This article was originally published by Stand Together Foundation.

Stand Together Foundation Executive Director Evan Feinberg was invited to speak with We Are For Good, a podcast focused on helping nonprofit leaders navigate challenges and unlock potential. The episode focused on emerging nonprofit trends and identified ways the nonprofit sector might learn from the for-profit sector in terms of serving customers and measuring impact. 

Check out the full episode at 


Evan Feinberg, Executive Director of Stand Together Foundation


Nonprofit trend #1: What worked yesterday won't work tomorrow

We need the disruptors, the innovators, those people who are not just trying to implement today's best practices, or some evidence-based approach that they read about in a book. Instead, we're looking for what we call social entrepreneurs -  those organizations that are discovering new and better ways of transforming lives. 

The solutions to barriers and social problems are not already known and just waiting to be pushed out. They must be discovered every day. And they need to be discovered by people taking risks - people with proximate knowledge, people that have experienced the problems themselves and have discovered something that worked for them or their loved ones or friends. We're looking for organizations and people that are capable of not just doing some nice things to help some people but are able to transform communities at their core. 

We need a dynamic social economy that matches the more dynamic economy of the for-profit sector, which is to say laser-focused on the question: How can we create more value for the people that we serve, for those problems that we're trying to solve in communities? Relentless customer focus is what will help nonprofits look and feel a whole lot more like businesses.

Nonprofit trend #2: The most effective organizations implement principles-based cultures, rather than rules or process-based cultures

What does that mean? The first thing is that those principles are more than just integrity and respect and humility (which are absolutely critical), but they also have to be principles that you expect entrepreneurship, you expect transformation. It has to be about how you seek and gain knowledge to make better decisions. Principles have to include economic thinking about how you make decisions. 

As you push principle-based approaches, you can then trust and empower your team to be where you discover new and better ways to serve your customers, so that you're no longer just as strong as the smartest person, the dynamic leader, but you now create a principles-based culture where the solutions to problems percolate from the bottom up. And that's when you start cooking with raw gas.

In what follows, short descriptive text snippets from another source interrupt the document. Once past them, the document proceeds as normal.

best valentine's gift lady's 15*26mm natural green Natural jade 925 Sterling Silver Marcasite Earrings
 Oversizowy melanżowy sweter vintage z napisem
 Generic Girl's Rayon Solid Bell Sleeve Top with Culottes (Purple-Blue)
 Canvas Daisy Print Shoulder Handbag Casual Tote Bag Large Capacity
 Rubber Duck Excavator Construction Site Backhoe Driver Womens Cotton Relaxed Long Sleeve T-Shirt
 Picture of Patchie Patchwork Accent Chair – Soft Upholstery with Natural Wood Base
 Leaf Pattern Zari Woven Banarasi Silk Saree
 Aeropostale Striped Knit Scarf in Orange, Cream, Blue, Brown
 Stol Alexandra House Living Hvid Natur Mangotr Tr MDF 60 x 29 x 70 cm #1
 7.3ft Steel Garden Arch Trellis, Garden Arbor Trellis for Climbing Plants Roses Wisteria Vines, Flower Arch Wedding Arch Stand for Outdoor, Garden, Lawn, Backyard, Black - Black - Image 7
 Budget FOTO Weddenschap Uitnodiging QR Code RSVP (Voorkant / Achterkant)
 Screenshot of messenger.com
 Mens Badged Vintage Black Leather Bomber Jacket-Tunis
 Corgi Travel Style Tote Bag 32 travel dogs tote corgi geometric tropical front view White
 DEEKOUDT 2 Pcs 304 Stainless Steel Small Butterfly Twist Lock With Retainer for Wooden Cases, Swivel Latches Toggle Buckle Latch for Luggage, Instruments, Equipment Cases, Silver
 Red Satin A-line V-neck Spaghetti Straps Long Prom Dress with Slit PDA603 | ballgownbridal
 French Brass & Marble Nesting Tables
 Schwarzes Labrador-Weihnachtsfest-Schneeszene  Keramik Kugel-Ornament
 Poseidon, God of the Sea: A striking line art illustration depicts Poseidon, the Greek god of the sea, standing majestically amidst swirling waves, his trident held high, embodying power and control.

Nonprofit trend #3: The solutions that exist today aren't good enough, even if they're great

Once you've gone through the program, you're a part of our catalyst network - it's a platform to really bring out the best and each of these leaders and work together as a Catalyst community to catalyze change that reshapes the social sector around believing in people and empowering them from the bottom up. 

Take Lorenzo Lewis. He founded an incredible nonprofit called The Confess Project. It is an organization that's working on mental health, particularly in Black communities. The way they do it is by training and equipping barbers in barber shops all across America to be frontline, lay mental health workers. And when I think about our country right now, I think about the deaths of despair on the rise, and I think about how addiction and mental health problems, particularly minority communities, growing at a much faster rate, I think this is an urgent and life or death problem for us to be solving. 

Lorenzo gives me hope that we're going to be okay as a country, because we have social entrepreneurs saying that the solutions that exist today aren't enough. They're not good enough, even if they're great. They're not good enough to solve our problems. And so Lorenzo and other social entrepreneurs like him step into the breach, try something new, grow it, and are now applying the principles and values and cultural frameworks we were able to share to be able to do a whole lot more over the coming months and years.